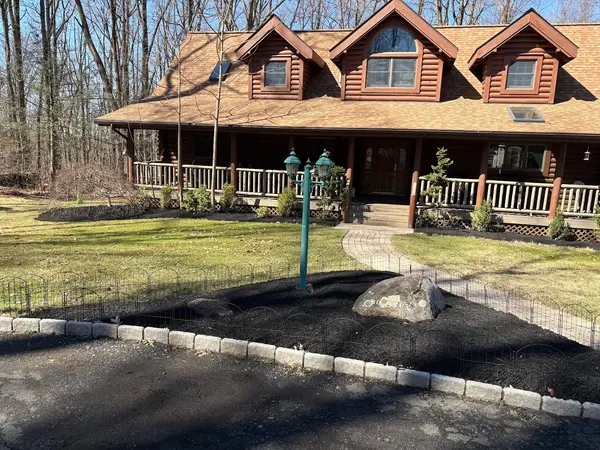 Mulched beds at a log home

--

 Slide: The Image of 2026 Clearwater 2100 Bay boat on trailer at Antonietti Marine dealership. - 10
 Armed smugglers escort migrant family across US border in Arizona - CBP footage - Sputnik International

...

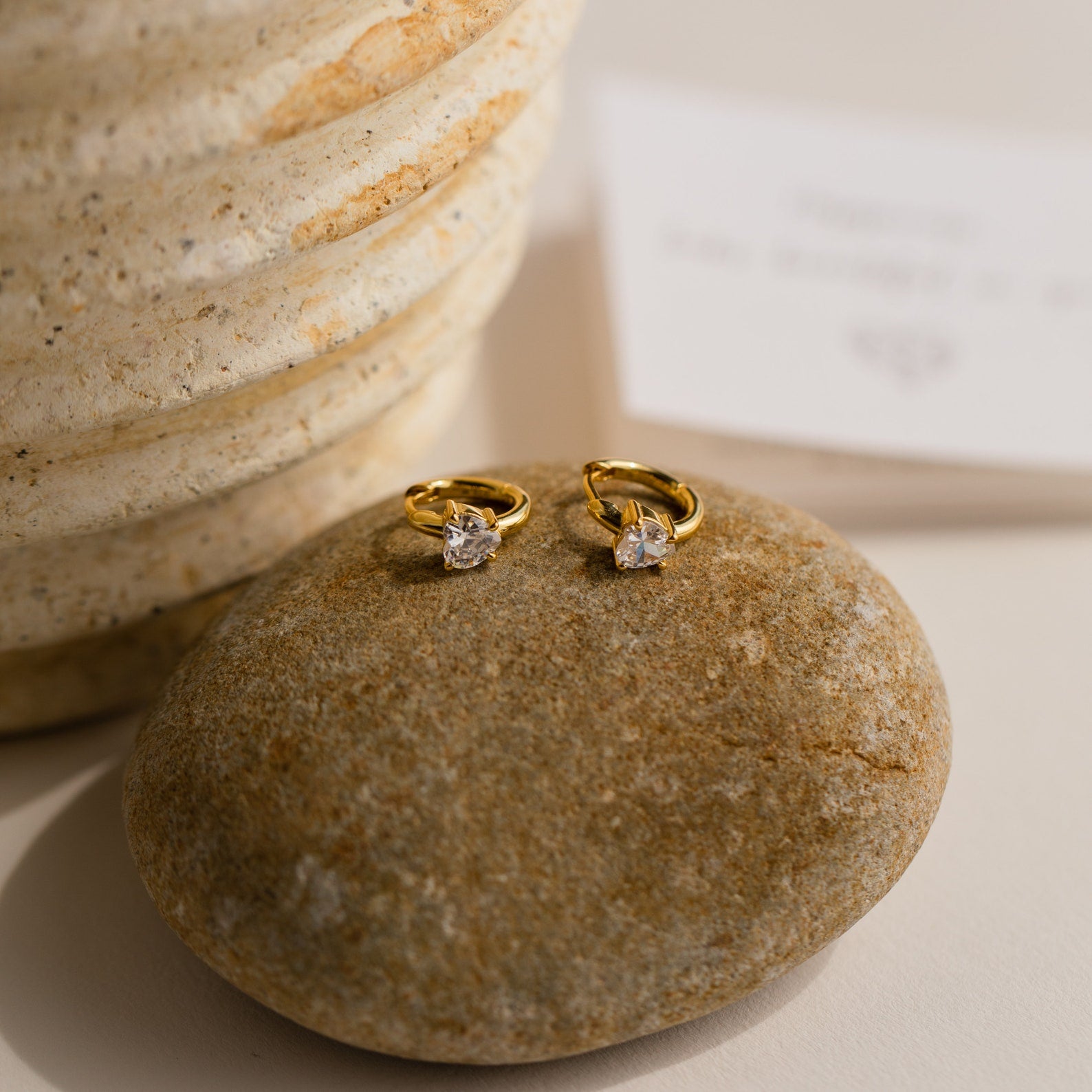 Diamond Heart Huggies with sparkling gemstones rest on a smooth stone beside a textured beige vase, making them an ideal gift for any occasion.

[What to do]
Find where the line with "Slide: The Image" sits in the material above, then copy exactly from it through the line with "Armed smugglers escort". Add no other line.

[Solution to the exercise]
 Slide: The Image of 2026 Clearwater 2100 Bay boat on trailer at Antonietti Marine dealership. - 10
 Armed smugglers escort migrant family across US border in Arizona - CBP footage - Sputnik International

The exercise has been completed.